Bruxelles, 11/12/2014 (Agence Europe) - Un nouveau design pour les cabines des camions fait l'objet d'un accord interinstitutionnel préliminaire Parlement-Conseil. Toutefois, il faudra attendre 2022 pour voir de nouveaux types de poids lourds, plus sûrs et aérodynamiques, sur les routes européennes. Une opportunité manquée pour certains.

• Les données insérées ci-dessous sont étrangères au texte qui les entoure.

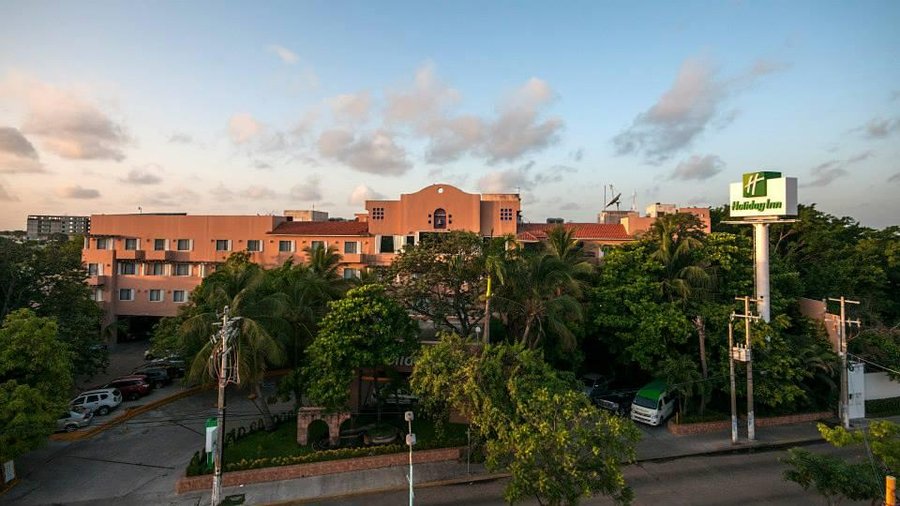 Holiday Inn Ciudad Del Carmen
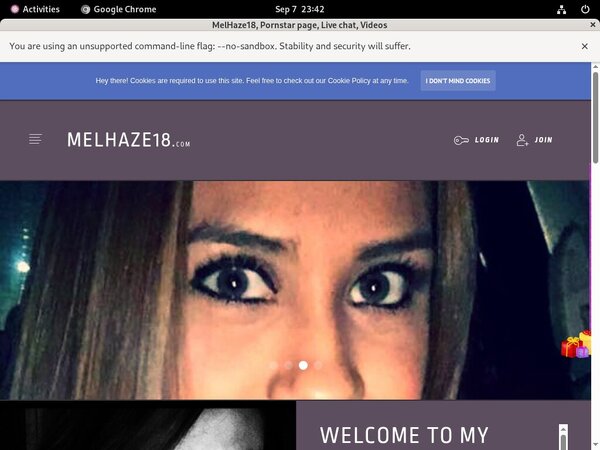MelHaze18 Passwords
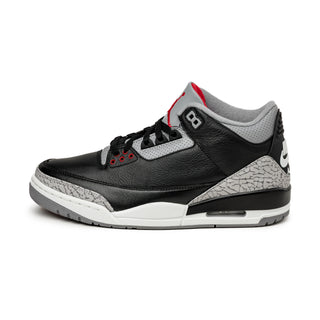 Nike Air Jordan 3 Retro *Black Cement*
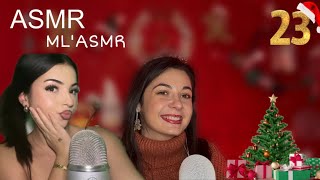   • ASMR FR • 10 TRIGGERS IMPROBABLES & INATTENDUS avec @ML_ASMR  • 🎅🎄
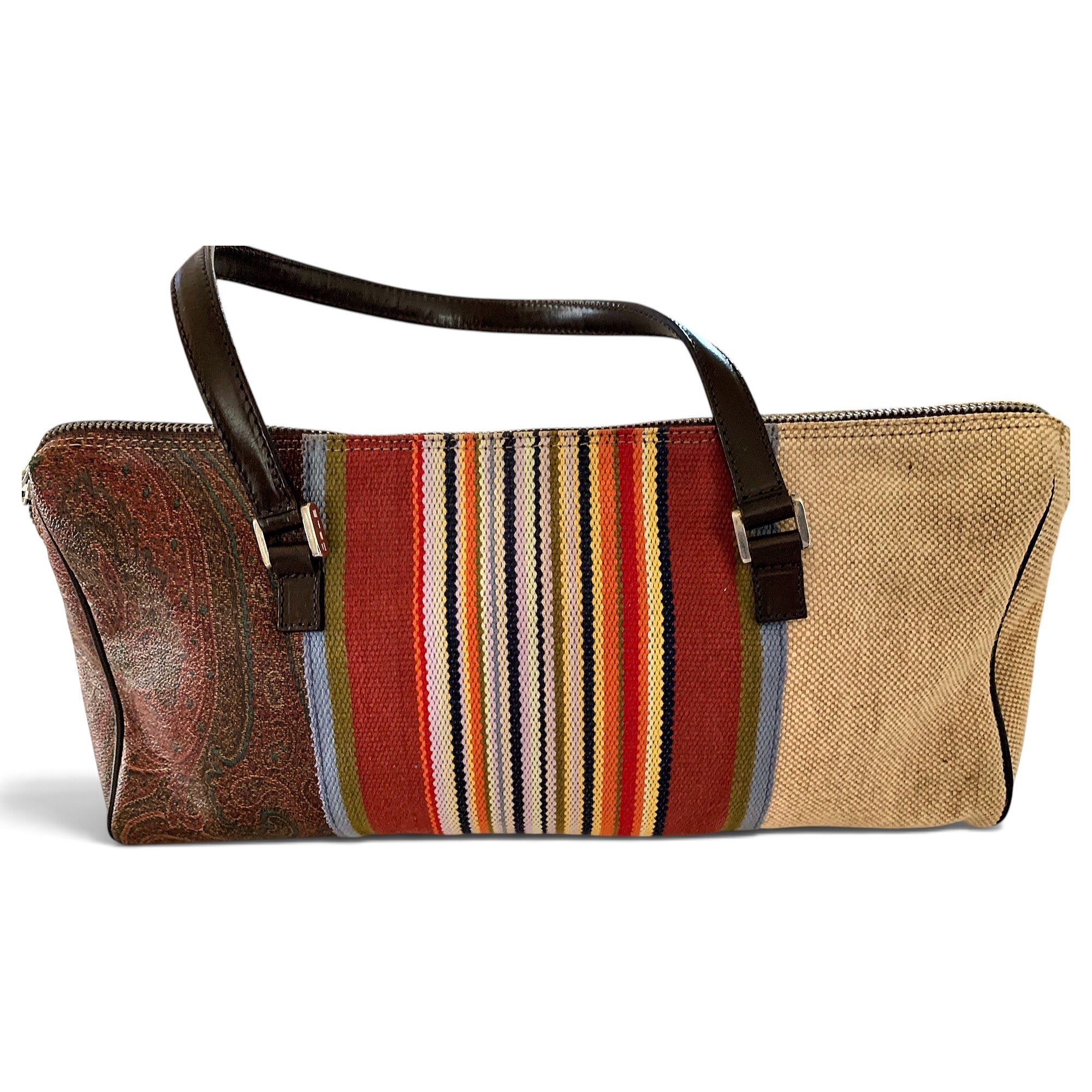 Cloth bowling bag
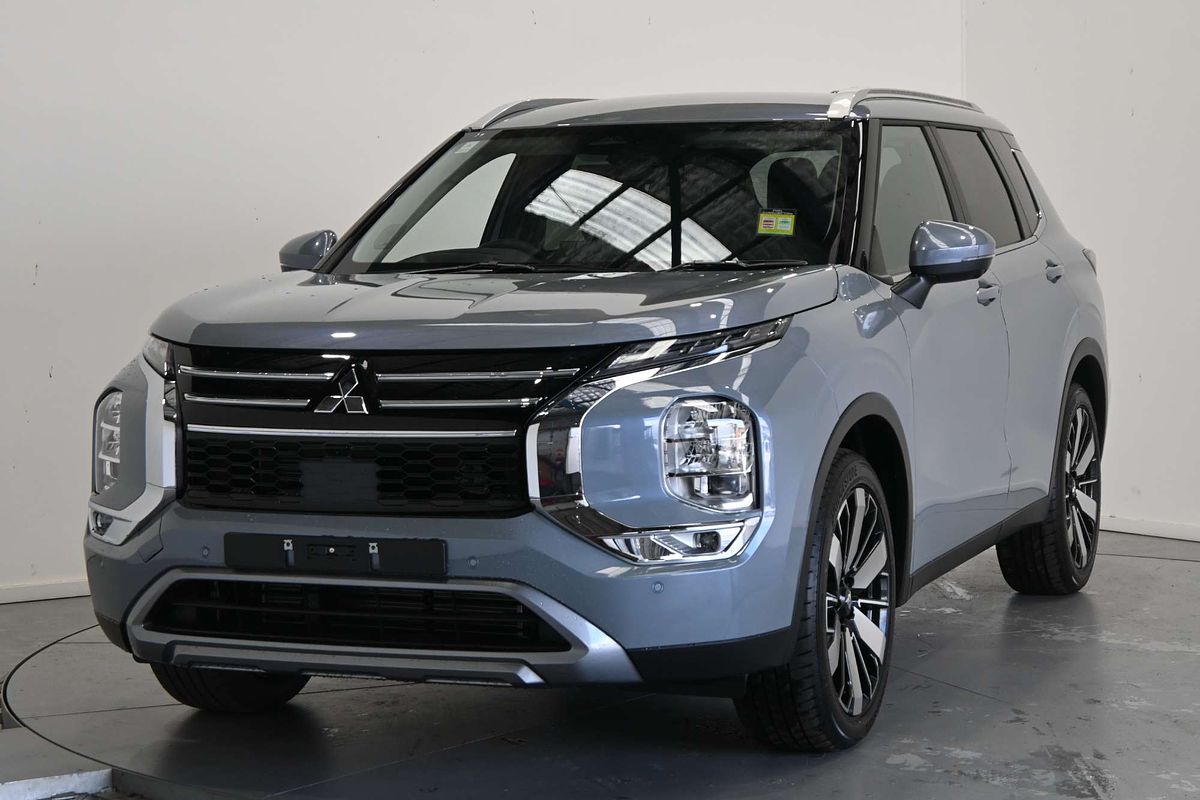 2025 Mitsubishi Outlander Aspire ZM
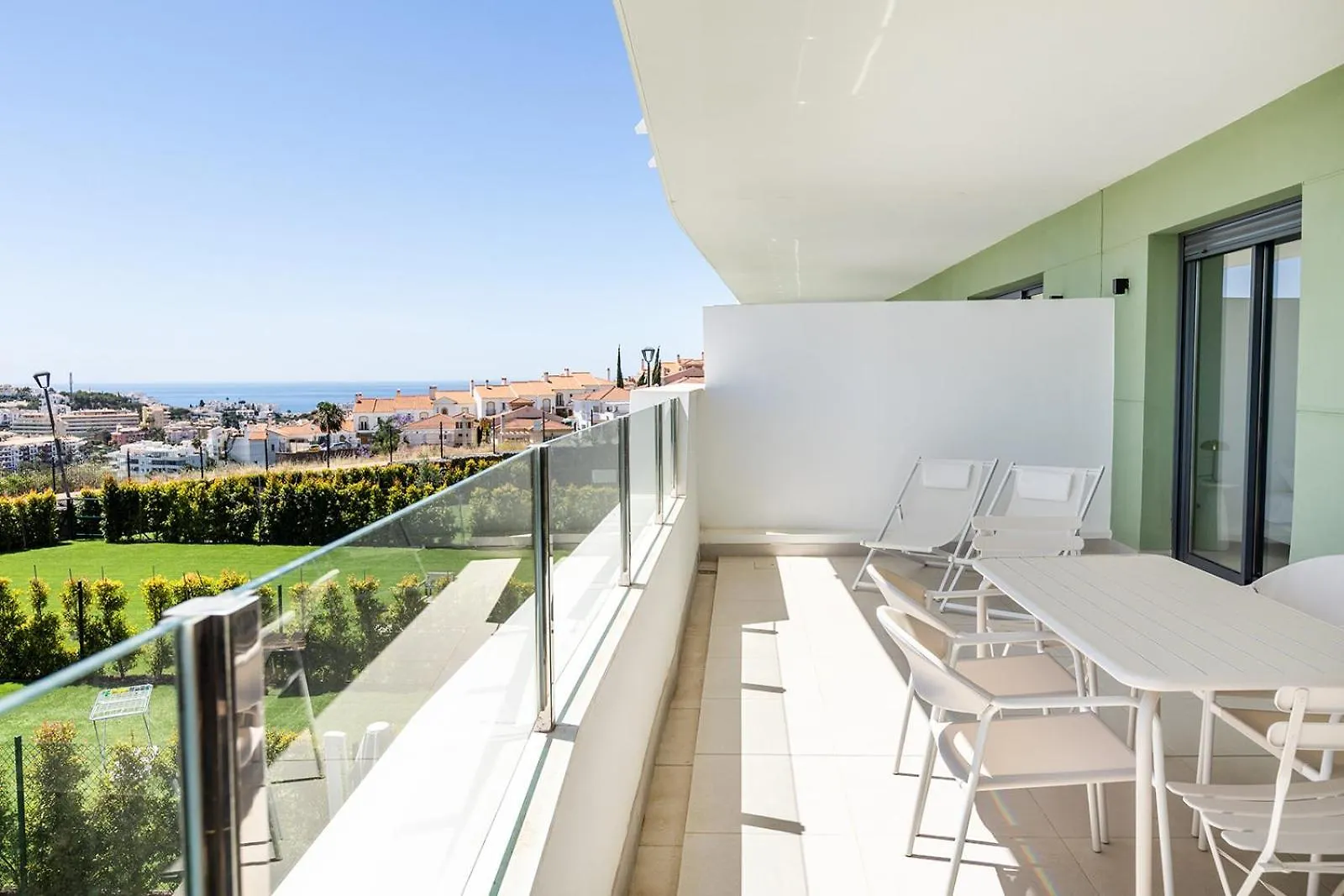Ipanema Sea And Golf Marbella Apartment La Cala De Mijas
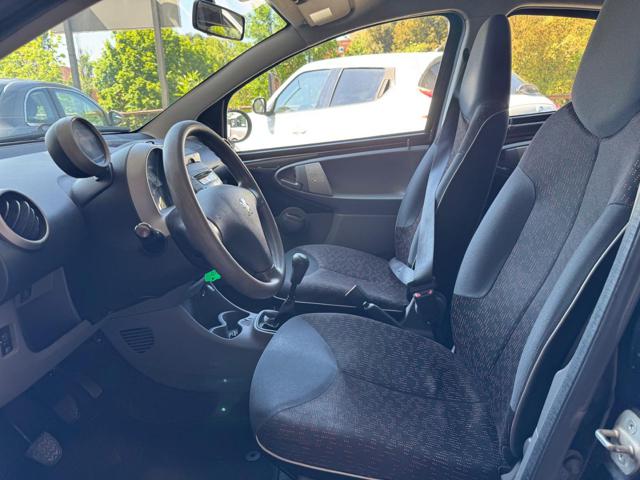 PEUGEOT 107 usata, con Controllo trazione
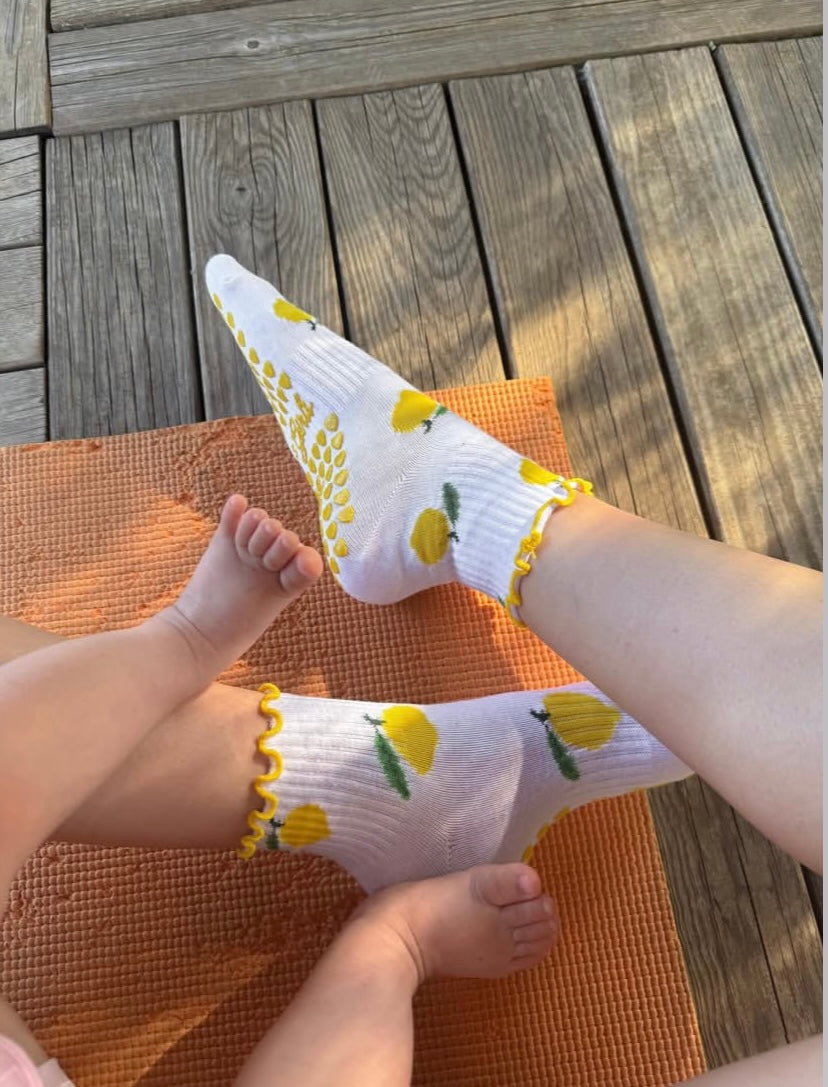 PS Girls Classic Socks 
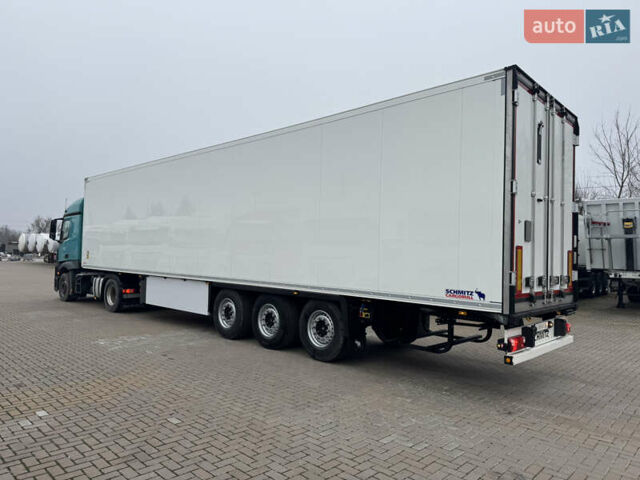 Шмитц Каргобулл SKO, объемом двигателя 0 л и пробегом 200 тыс. км за 44000 $, фото 4 на Automoto.ua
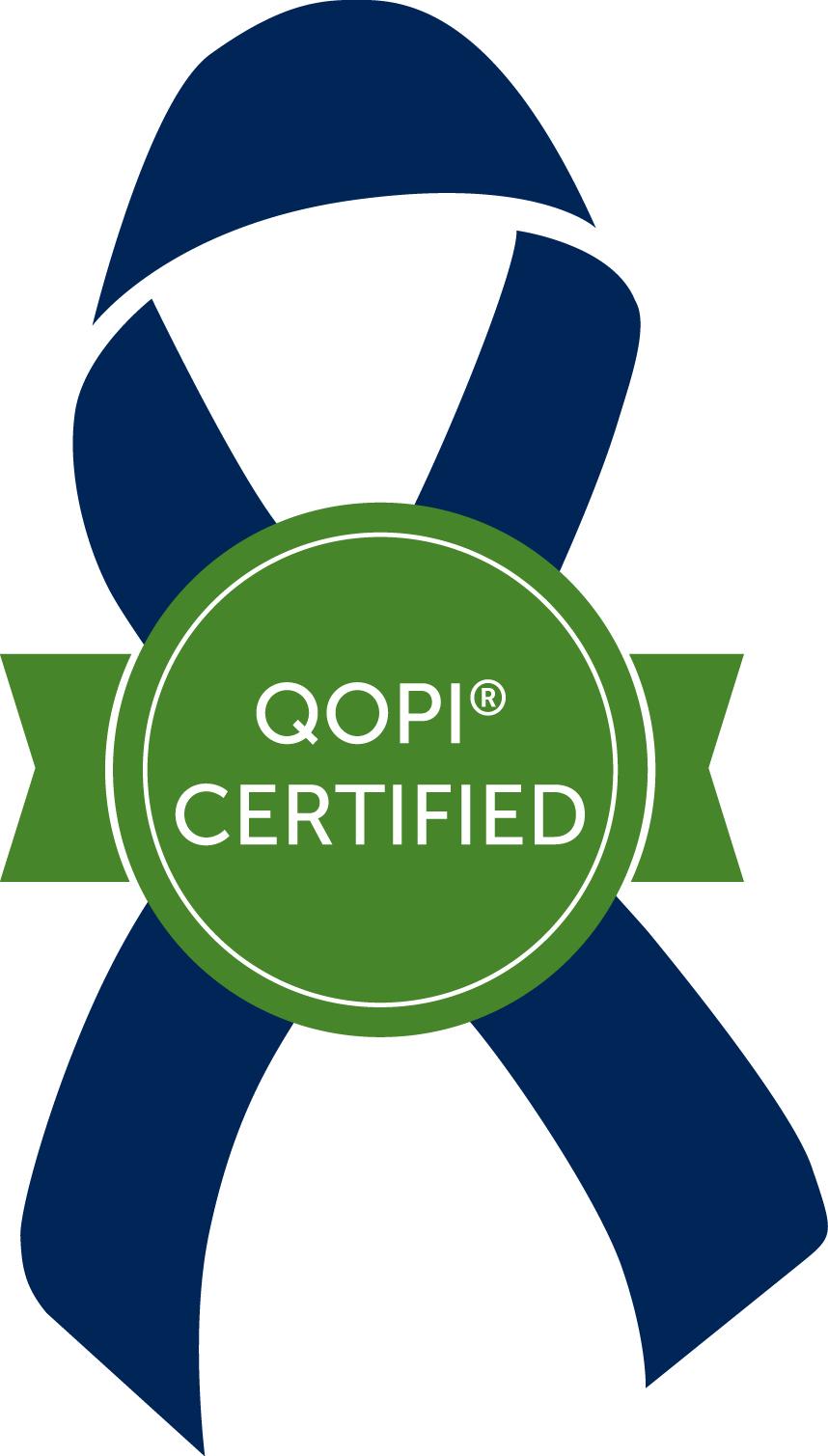 QOPI Certification Badge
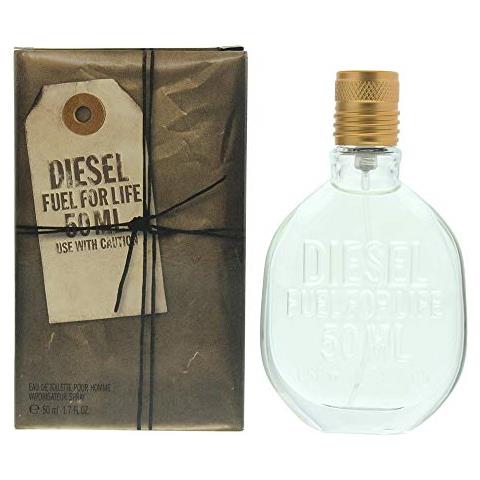 Fuel For Life Homme Et 50 Vp - 5 Mililitri - Foto 1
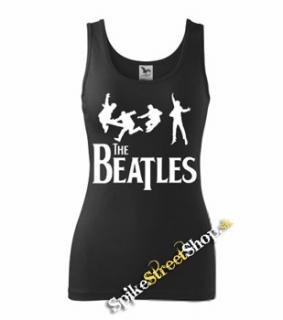 BEATLES - Jump - Ladies Vest Top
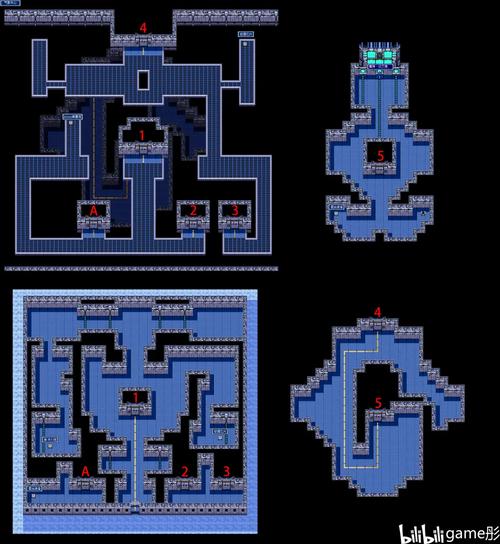 梦幻之星4星际版全流程图文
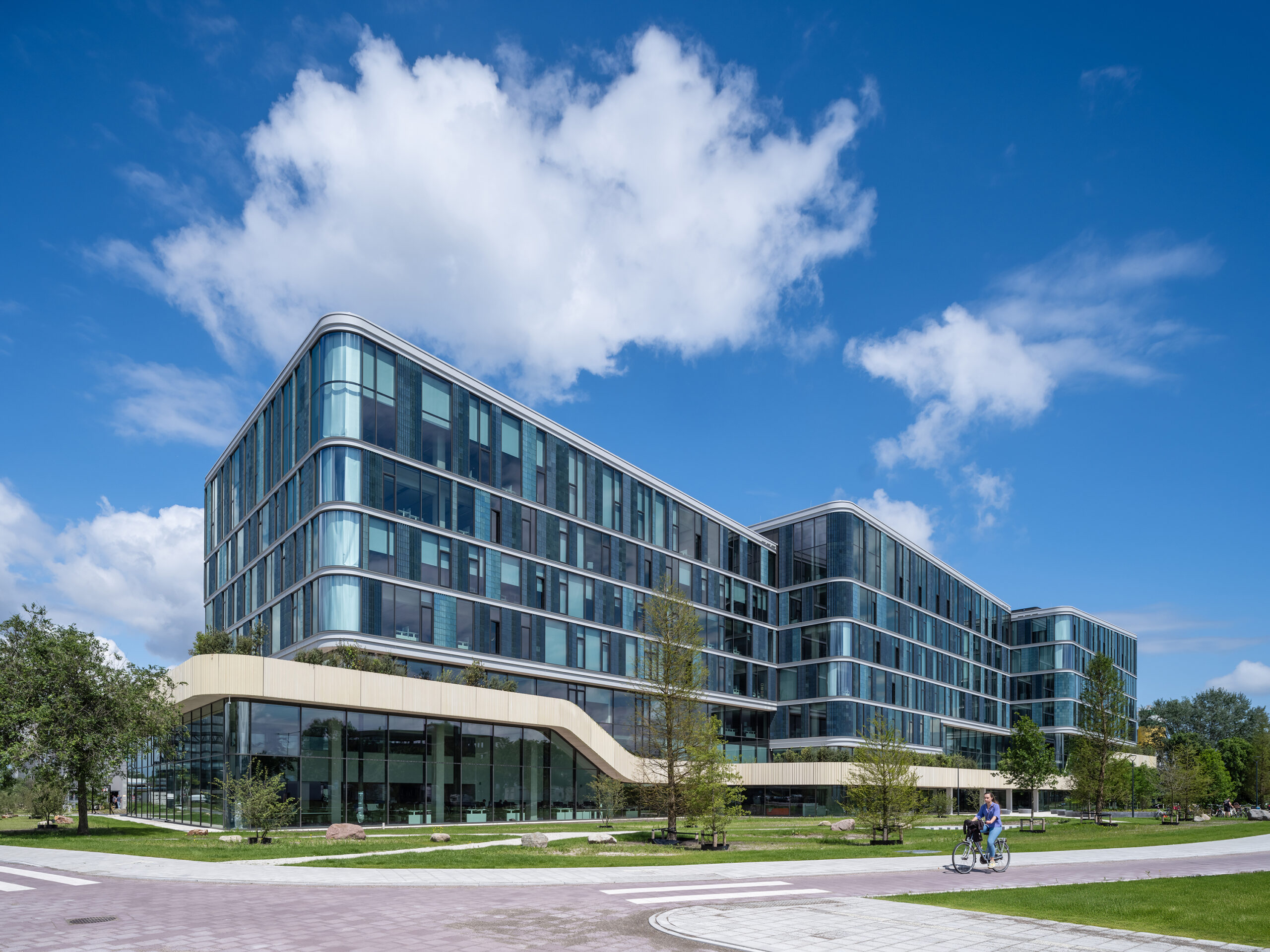 Mediavaert. Beeld Ossip van Duivenbode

Nouvelles cabines en 2022. Les négociateurs sont parvenus à un accord, mercredi 10 décembre au soir, sur la révision de la directive sur les poids et dimensions. La mesure phare qui consiste à autoriser la modification du design de la cabine des camions pour garantir un gain en termes d'émissions de CO2 (profilage aérodynamique) et de sécurité routière (« nez » arrondi et souple) ne sera véritablement applicable qu'aux alentours de 2022. Les négociateurs se sont entendus pour que ces dispositions, non obligatoires de surcroît, entrent en vigueur trois ans après une harmonisation technique qui doit encore être proposée par la Commission européenne (probablement sous forme d'une directive, traitée en codécision). Le Parlement aurait voulu qu'une nouvelle cabine fût disponible dès la transposition de la directive révisée (dans deux ans, soit en 2017), alors que le Conseil, sous l'influence des pays constructeurs de camions comme l'Allemagne, la Suède, la France ou la Roumanie, souhaitait reporter l'introduction sur le marché cinq ans après la transposition.
Révision en 2020. Si, en début de processus législatif, l'autorisation du trafic transfrontalier de méga-camions monopolisait le débat, les négociateurs ont évité l'écueil en introduisant une clause de révision de la directive en 2020 environ (trois ans après la transposition). Le Parlement européen suggérait pourtant à la Commission de présenter un rapport et une étude d'impact.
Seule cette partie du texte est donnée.